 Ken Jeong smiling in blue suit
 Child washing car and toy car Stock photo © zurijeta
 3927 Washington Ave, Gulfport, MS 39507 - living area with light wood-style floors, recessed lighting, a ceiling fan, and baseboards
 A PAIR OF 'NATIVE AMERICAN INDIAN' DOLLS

* * * *

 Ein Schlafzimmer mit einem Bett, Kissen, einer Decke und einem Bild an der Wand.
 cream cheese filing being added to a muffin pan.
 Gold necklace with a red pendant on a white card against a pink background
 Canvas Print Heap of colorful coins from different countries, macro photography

* * * *

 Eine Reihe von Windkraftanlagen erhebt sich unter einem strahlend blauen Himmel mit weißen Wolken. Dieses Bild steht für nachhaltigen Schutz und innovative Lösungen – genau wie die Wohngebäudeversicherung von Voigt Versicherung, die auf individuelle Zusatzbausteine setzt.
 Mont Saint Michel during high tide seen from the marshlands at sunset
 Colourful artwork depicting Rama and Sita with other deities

* * * *

Problem details: Could you return exactly the stretch of the data above that starts at the line with "3927 Washington Ave, Gulfport, MS" and ends at the line with "A PAIR OF 'NATIVE AMERICAN INDIAN' DOLLS", both lines included?

Solution to the exercise:
 3927 Washington Ave, Gulfport, MS 39507 - living area with light wood-style floors, recessed lighting, a ceiling fan, and baseboards
 A PAIR OF 'NATIVE AMERICAN INDIAN' DOLLS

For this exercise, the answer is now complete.